Photometry
Last updated on 2023-05-15 | Edit this page
Overview
Questions
- How do we use Matplotlib to define a polygon and select points that fall inside it?
Objectives
- Use isochrone data to specify a polygon and determine which points fall inside it.
- Use Matplotlib features to customize the appearance of figures.
In the previous episode we downloaded photometry data from Pan-STARRS, which is available from the same server we have been using to get Gaia data.
The next step in the analysis is to select candidate stars based on the photometry data. The following figure from the paper is a color-magnitude diagram showing the stars we previously selected based on proper motion:
In red is a theoretical isochrone, showing where we expect the stars in GD-1 to fall based on the metallicity and age of their original globular cluster.
By selecting stars in the shaded area, we can further distinguish the main sequence of GD-1 from mostly younger background stars.
Outline
We will reload the data from the previous episode and make a color-magnitude diagram.
We will use an isochrone computed by MIST to specify a polygonal region in the color-magnitude diagram and select the stars inside of it.
Starting from this episode
If you are starting a new notebook for this episode, expand this section for information you will need to get started.
In the previous episode, we selected stars in GD-1 based on proper motion and downloaded the spatial, proper motion, and photometry information by joining the Gaia and PanSTARRs datasets. We will use that data for this episode.
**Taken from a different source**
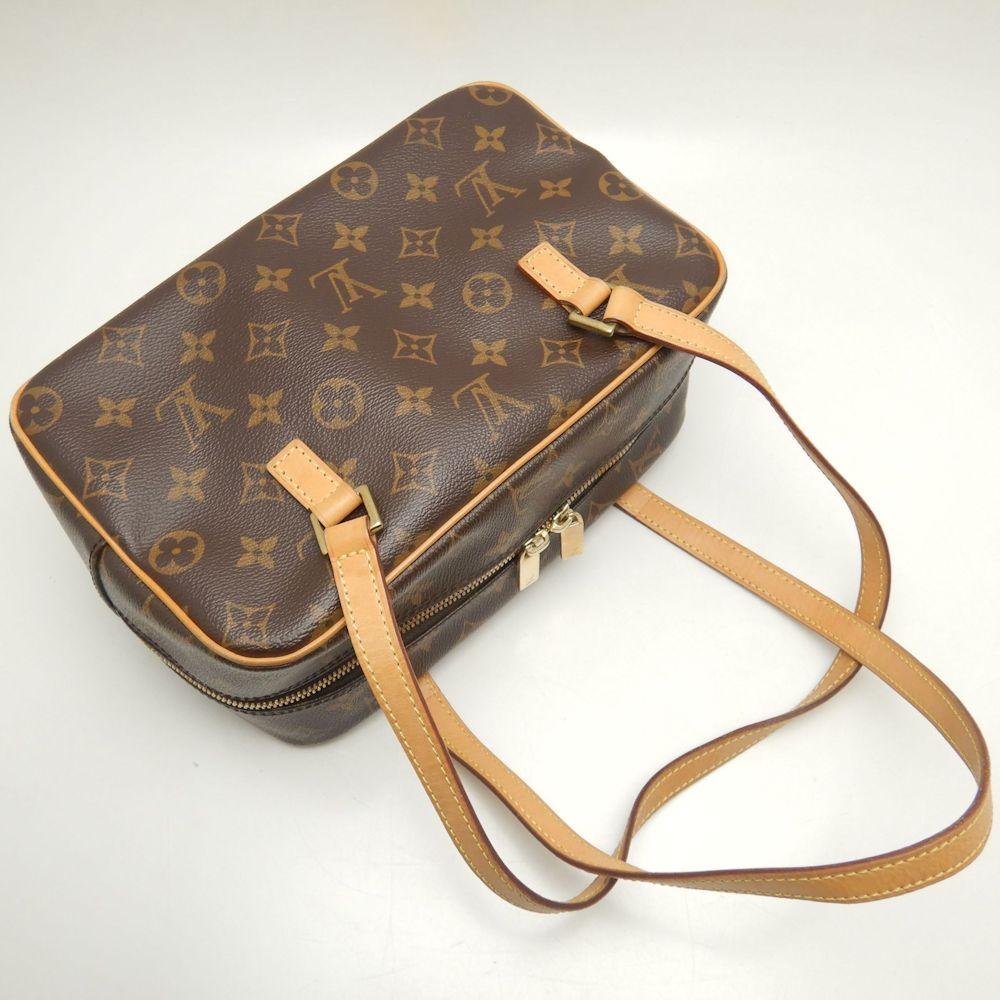 Brown Canvas Louis Vuitton Cite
Whether you are working from a new notebook or coming back from a checkpoint, reloading the data will save you from having to run the query again.
If you are starting this episode here or starting this episode in a new notebook, you will need run the following lines of code.
This imports previously imported functions:
PYTHON
from os.path import getsize
import pandas as pd
from matplotlib import pyplot as plt
from episode_functions import *
The following code loads in the data (instructions for downloading
data can be found in the setup instructions).
You may need to add a the path to the filename variable below
(e.g. filename = 'student_download/backup-data/gd1_data.hdf'
)
Plotting photometry data
Now that we have photometry data from Pan-STARRS, we can produce a color-magnitude diagram to replicate the diagram from the original paper:
The y-axis shows the apparent magnitude of each source with the g filter.
The x-axis shows the difference in apparent magnitude between the g and i filters, which indicates color.
A slight detour for non-domain experts
If you are wondering (as a non-domain expert) how to interpret this color-magnitude diagram, please expand the section below.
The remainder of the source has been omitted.